Fellow sentencing guru Mark Osler sent via e-mail this first-cut reaction to the Sentencing Commission new cocaine report (basics here):

A federal defender, one of the smartest people I know in sentencing, called me this afternoon to talk about the proposed crack guideline amendments.  He got my voice mail, and left this provocative message: “What’s going on?! These things are all over the place!”

He’s right, and the Sentencing Commission’s report on “Cocaine and Federal Sentencing Policy” (released about the same time as that call) does not do much to clear things up.  The USSC’s report is chock-full of great data and analysis.  However, when the rubber hits the road, the Commission makes just three recommendations to Congress, on page 8: First, increase the amount needed to trigger mandatory minimums for crack; second, repeal the mandatory minimum for simple possession; and third, don’t solve the problem by lowering the thresholds for powder cocaine which trigger mandatory minimums.

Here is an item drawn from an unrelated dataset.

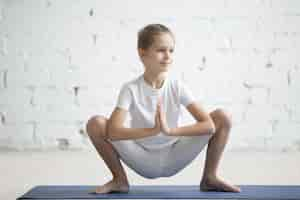 Free photo girl child in malasana pose, white studio background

I’m all for these recommendations.  However, they leave open a key question: If we leave behind the 100-to-1 ratio, what will take its place?  This crucial question is more complex than it may at first appear — what is at issue is not just what other ratio we should employ, but whether we should tie crack sentencing to powder cocaine at all. 

Which brings us back to the call I received from my friend the public defender.  He was very happy that the proposed guidelines lowered the crack ranges, but noticed that they were no longer tied to any ratio at all relative to powder cocaine.  For example, at level 28 of those proposed guidelines, the ratio is 17.5-to-1, at level 26 it is 25-to-1, and at level 24 it shoots up to 80-to-1.  Obviously, the sentencing commission is comfortable not just with adjusting the ratio, but with throwing out the idea of a ratio altogether.  In keeping with this new outlook, the key recommendations of the new report to Congress do not suggest 20-to-1 or any other ratio to direct Congressional reforms, unlike the 2002 report.

It is a brave new world, if we might be free not only from the 100-to-1 ratio, but the idea of ratios controlling the way we think about crack sentencing.